For the reasons explained before, in the rest of this notebook :

* We do not use data from 2015
* We do not use the taxi zone look up
* In files from 2014, we drop the column "Base" and keep onyl ``date``, ``latitude`` and ``longitue``

## Getting the dataset

In [None]:
def uber_preprocessor(df):
  df.columns = df.columns.str.lower()
  df.columns = df.columns.str.replace("/", "_")

  # df["base"] = df["base"].astype("category")
  df.drop(columns="base", inplace=True)

  df["date_time"] = pd.to_datetime(df["date_time"]) # , dayfirst=True
  df["year"] = df["date_time"].dt.year
  df["month"] = df["date_time"].dt.month
  df["day"] = df["date_time"].dt.day
  df["weekday"] = df["date_time"].dt.weekday
  df["hour"] = df["date_time"].dt.hour
  df["minute"] = df["date_time"].dt.minute
  df.drop(columns="date_time", inplace=True)

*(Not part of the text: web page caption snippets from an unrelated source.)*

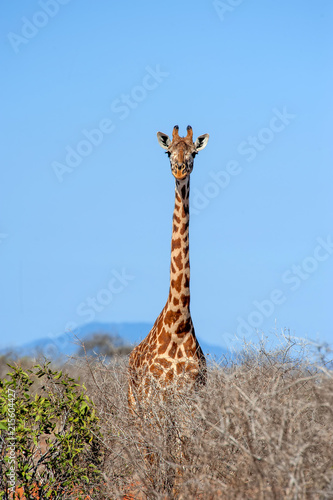 Photography Giraffe in National park of Kenya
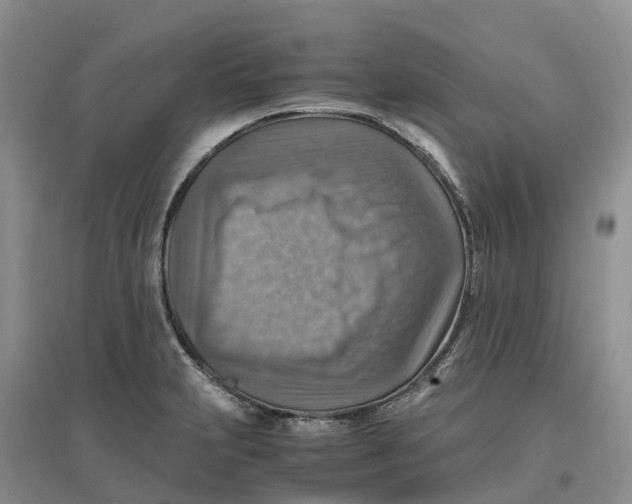 X0000096701231200802261557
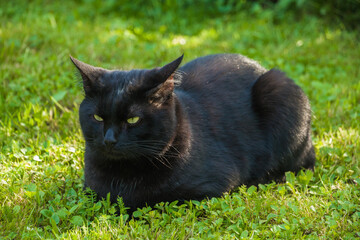 Naklejka na ściany i meble Black cat with green eyes laying on lawn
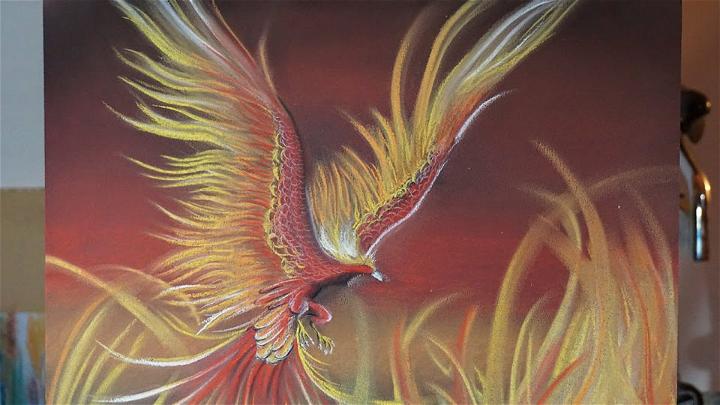Phoenix Bird Drawings
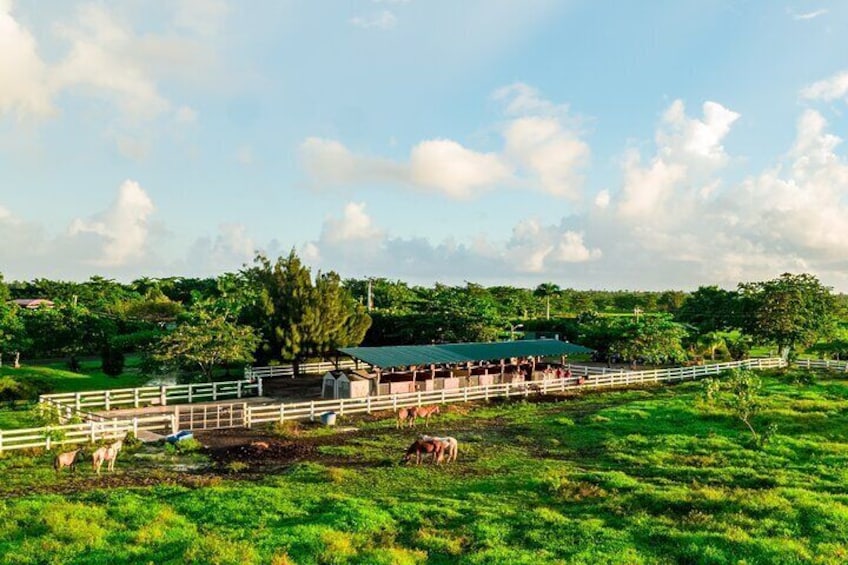 Horseback Riding Tour at Private Ranch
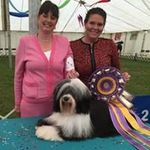 Lynn Meyer - @lynn.meyer.399 - Instagram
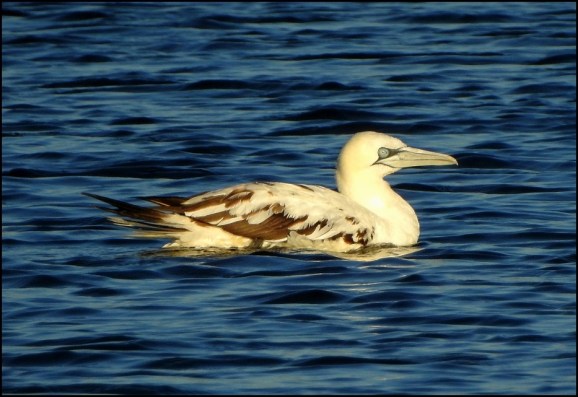 Gannet 020720 2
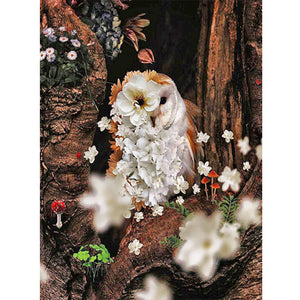 Owl-Full Round Diamond Painting-30x40cm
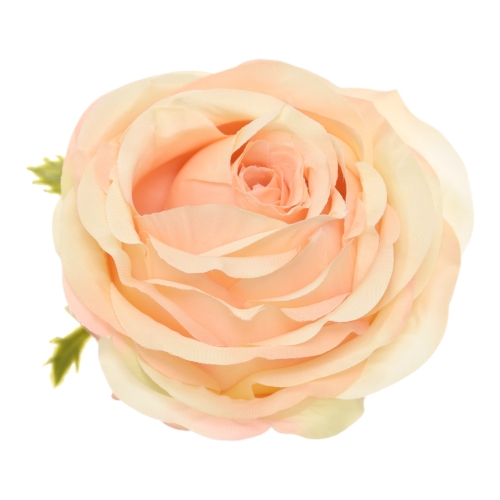 SUN891#3065#REAL PEACH#1_m.jpg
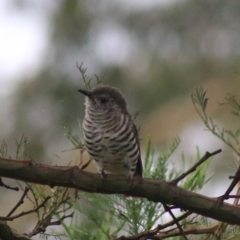 Chrysococcyx lucidus at Goulburn, NSW - 26 Feb 2022 05:29 PM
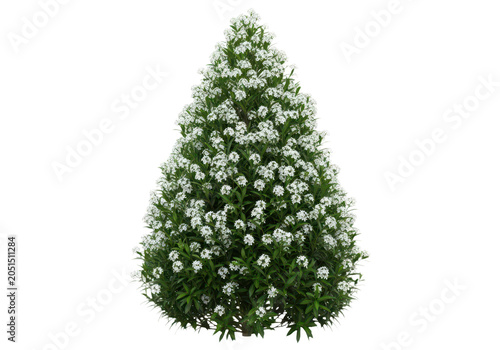 A lush, coneshaped shrub covered in small white flowers and green leaves, isolated on transparent background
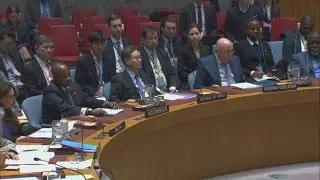 UN Security Council passes Gaza cease-fire proposal drafted by US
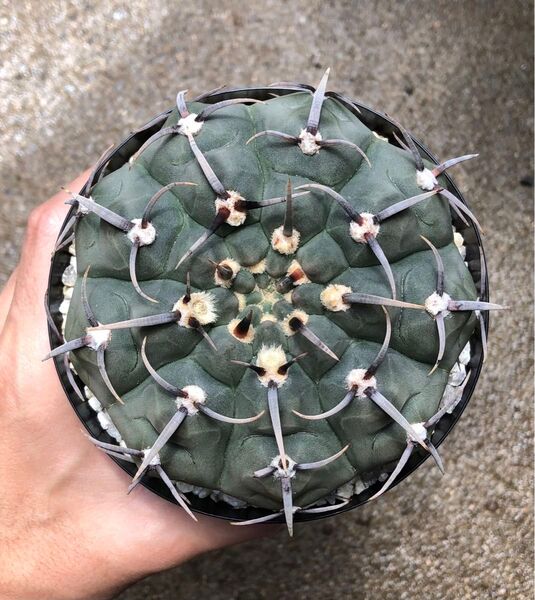バッテリー 実生 自根 サボテン ギムノカリキウム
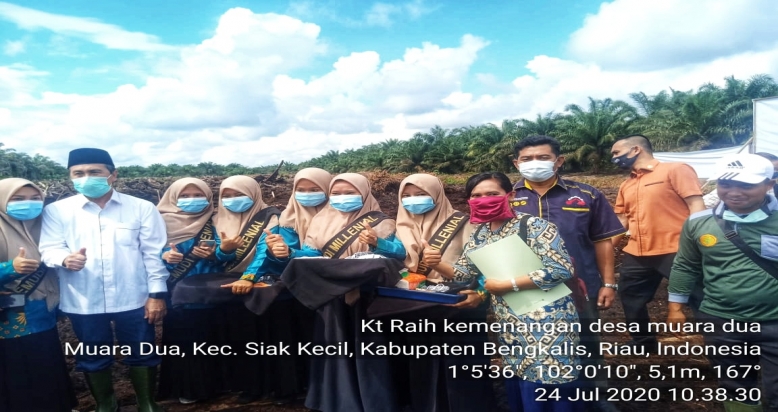 Gubri bersama Legislator Senayan Tanam Perdana Sawit, Petani:Terimakasih Presiden dan GTW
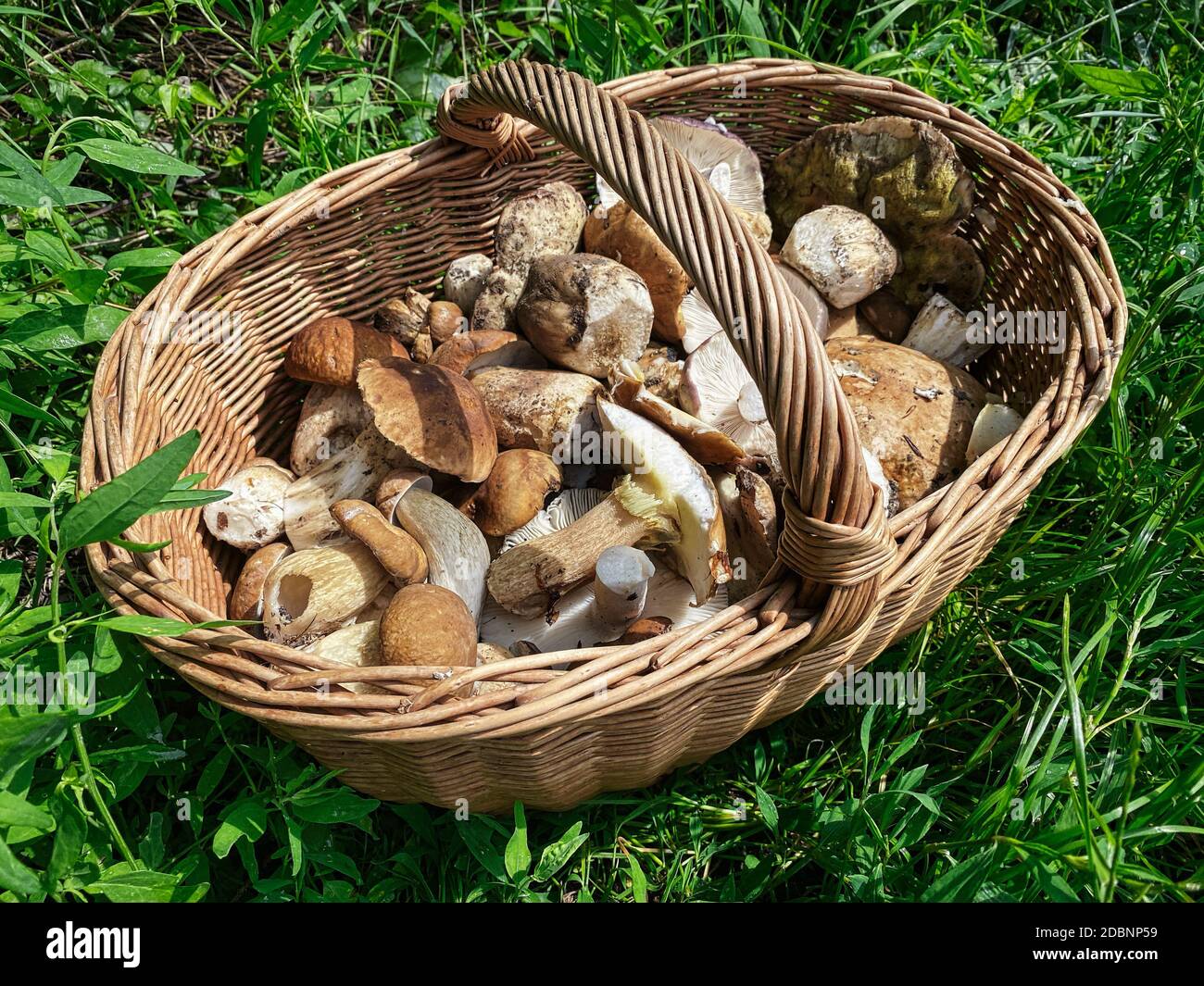 Cesto con funghi, alla ricerca di funghi porcini in bosco Foto stock - Alamy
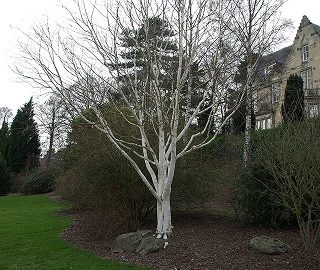 Aadusa Tree Environmental Benefits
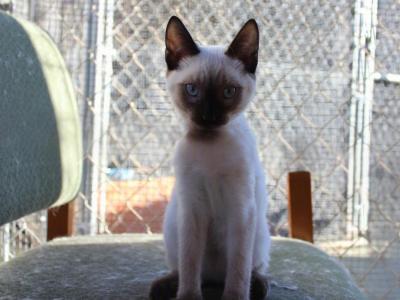 Nova - Siamese - Gallery Photo #1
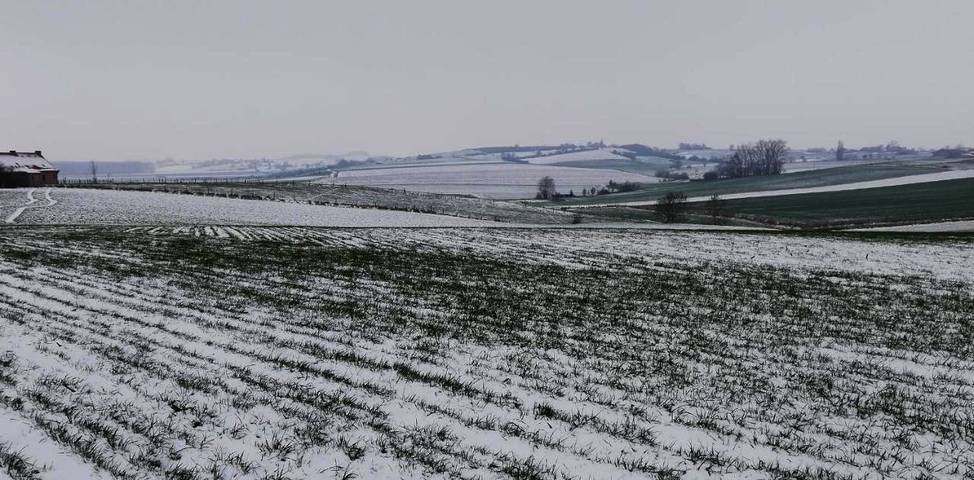 Gîte pour 2 personnes, avec vue et jardin, adapté aux familles à Heuvelland - 2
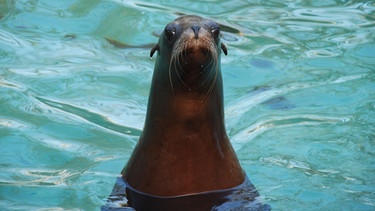 Mit dem Löwen hat ein Seelöwe wenig gemein. Von der Lernfähigkeit her sind sie trotzdem die Könige der Wasserwelt. | Bild: BR/SWR/Frieder Bundt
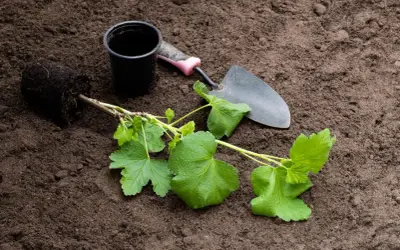 Sadzonka porzeczki, doniczka i łopatka na ziemi. Idealny czas, kiedy sadzić porzeczki, to wiosna lub jesień.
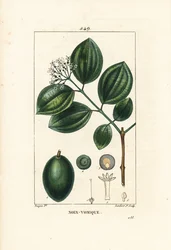 Strychnine Tree or Poison Nut, Strychnos nux-vomica, with Fruit, Seed, Leaf and Flower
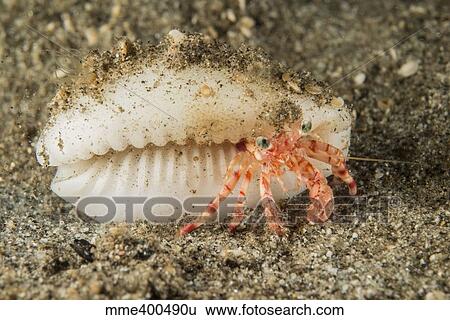Stock Photograph - Tiny red hermit crab with white conch shell.. Fotosearch
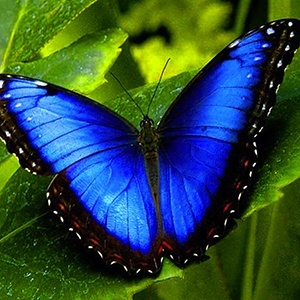 Бабочка пророчит любовь и богатство
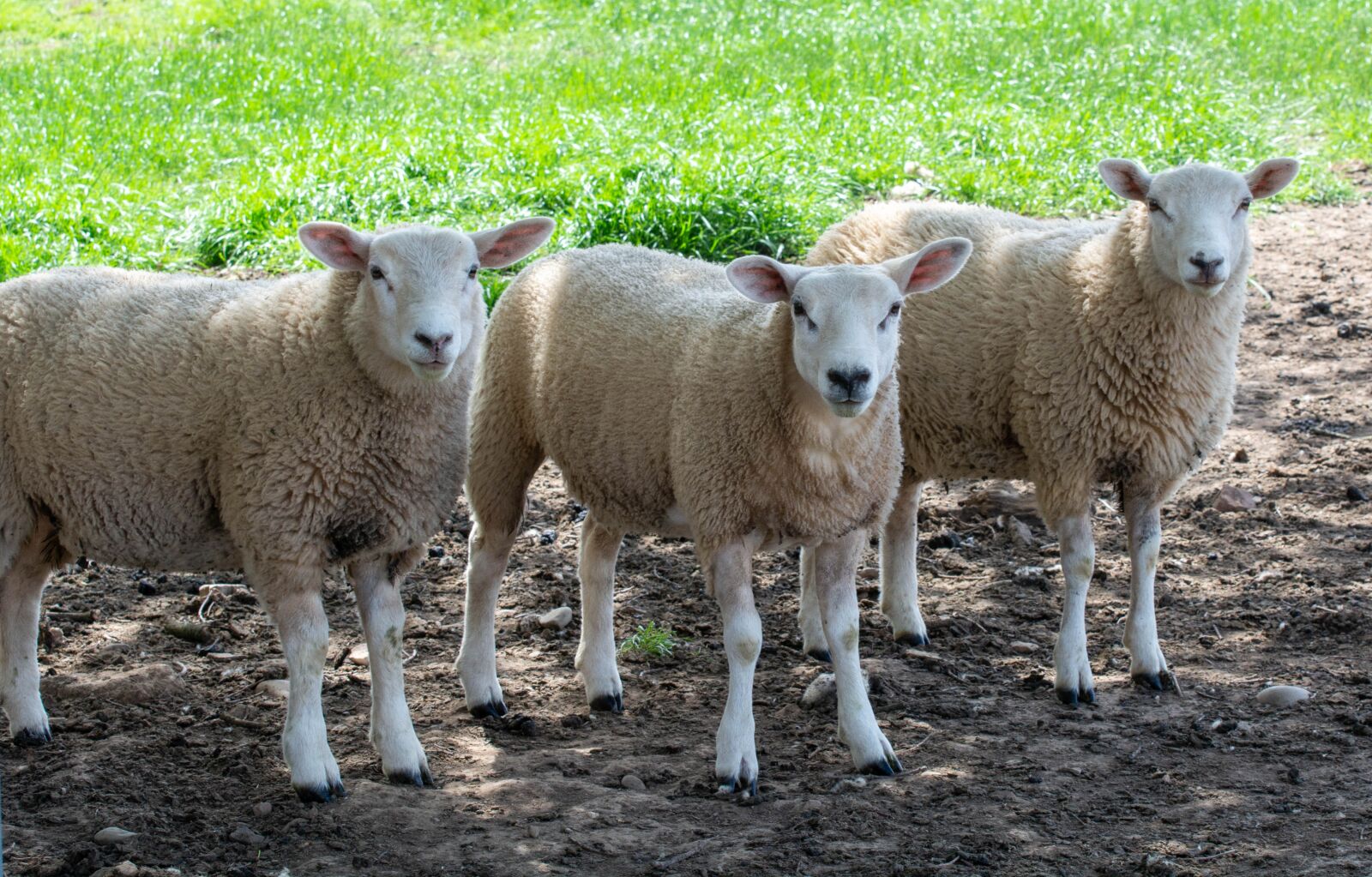 Nikon D7100 sample photo. Sheep, field, farm photography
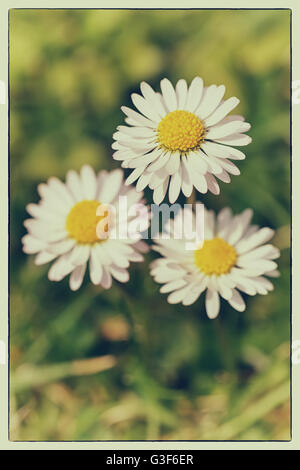 Macro shot di tre Daisy bianca fiori in un campo di margherite. Filtro vintage e di confine Foto Stock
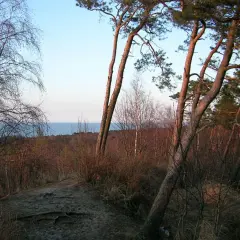 Ścieżka przez las sosnowy i brzozowy, z widokiem na morze w oddali. Prawdziwe cuda natury.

  # may be we could drop hour and min. We will see how it goes 
  df["bin"] = df["hour"]*12 + df["minute"]//5
  # df.drop(columns="hour", inplace=True)
  # df.drop(columns="minute", inplace=True)


  return df

In [None]:
months = ["may"]
# months = ["apr", "may", "jun", "jul", "aug", "sep"]            # uncomment/comment this line to take all the months available into account 

df = pd.DataFrame()
for month in months:
  tmp_df = pd.read_csv(f"assets/uber-raw-data-{month}14.csv")
  df = pd.concat([df, tmp_df])

df = uber_preprocessor(df)
# display(df.sort_values(by="bin", ascending=False))
display(df.head(10))

Notes : 
* In the preprocessed dataframe
* A ``bin`` is a time unit of 5 minutes 
* Ànd so, the ``bin`` column indicates at which ``time bin`` the observation belongs
* Each day there are [0, 287] time bins from 00H00 to 23H29
* This might be useful later since users are not willing to wait more that 5-7 minutes  

In [None]:
print(f"At this point the dataset consists of :")
print(f"\t{len(df.shape):>9_} dimensions")
print(f"\t{df.shape[0]:>9_} observations")
print(f"\t{df.shape[1]:>9_} features    ")

In [None]:
types_df = pd.DataFrame ({
  "types" : df.dtypes.value_counts()
})
types_df["as_%"] = (100 * types_df["types"]/types_df["types"].sum()).round(2)

display(types_df)

In [None]:
# -----------------------------------------------------------------------------
def quick_View(df):
  summary_lst = []
  
  for col_name in df.columns:
    col_dtype               = df[col_name].dtype
    num_of_null             = df[col_name].isnull().sum()
    percent_of_null         = num_of_null/len(df)
    num_of_non_null         = df[col_name].notnull().sum()
    num_of_distinct_values  = df[col_name].nunique()
    
    if num_of_distinct_values <= 10:
        distinct_values_counts = df[col_name].value_counts().to_dict()
    else:
        top_10_values_counts    = df[col_name].value_counts().head(10).to_dict()
        distinct_values_counts  = {k: v for k, v in sorted(top_10_values_counts.items(), key=lambda item: item[1], reverse=True)}

    if col_dtype != "object":
       max_of_col = df[col_name].max()
       min_of_col = df[col_name].min()
       outlier_hi = df[col_name].mean() + 3*df[col_name].std()
       outlier_lo = df[col_name].mean() - 3*df[col_name].std()
    else:
       max_of_col = -1
       min_of_col =  1
       outlier_hi = -1
       outlier_lo =  1
    
    summary_lst.append({
      "name"                : col_name,
      "dtype"               : col_dtype,
      "# null"              : num_of_null,
      "% null"              : (100*percent_of_null).round(2),
      "# NOT null"          : num_of_non_null,
      "distinct val"        : num_of_distinct_values,
      "-3*sig"              : round(outlier_lo,2) ,
      "min"                 : round(min_of_col,2),
      "max"                 : round(max_of_col,2),
      "+3*sig"              : round(outlier_hi,2) ,
      "distinct val count"  : distinct_values_counts
    })
  
  tmp_df = pd.DataFrame(summary_lst)
  return tmp_df

In [None]:
# df.describe(include="all").T
# df.info()

tmp_df = quick_View(df)
display(tmp_df.sort_values(by="# null", ascending=False))                 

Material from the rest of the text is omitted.